_WORK ITEM_: In the listing below, how many lines include "image"? Give the number and no other text.
- - -
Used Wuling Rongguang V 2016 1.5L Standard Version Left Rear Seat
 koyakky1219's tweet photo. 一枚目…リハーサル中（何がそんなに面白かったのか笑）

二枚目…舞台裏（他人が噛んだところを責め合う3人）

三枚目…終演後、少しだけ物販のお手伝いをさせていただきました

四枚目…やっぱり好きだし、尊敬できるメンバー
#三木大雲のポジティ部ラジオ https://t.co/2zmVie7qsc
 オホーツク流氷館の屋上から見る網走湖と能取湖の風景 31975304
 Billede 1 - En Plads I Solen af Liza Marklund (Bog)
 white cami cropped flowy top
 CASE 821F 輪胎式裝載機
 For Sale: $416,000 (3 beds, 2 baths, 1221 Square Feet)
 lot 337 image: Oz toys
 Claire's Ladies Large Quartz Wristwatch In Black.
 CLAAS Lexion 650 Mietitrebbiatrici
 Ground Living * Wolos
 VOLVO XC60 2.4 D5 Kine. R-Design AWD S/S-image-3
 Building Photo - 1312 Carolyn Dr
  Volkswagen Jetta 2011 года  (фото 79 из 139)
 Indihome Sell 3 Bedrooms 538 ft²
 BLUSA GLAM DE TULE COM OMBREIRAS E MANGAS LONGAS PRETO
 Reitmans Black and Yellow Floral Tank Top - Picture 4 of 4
- - -
_TASK SOLUTION_: 2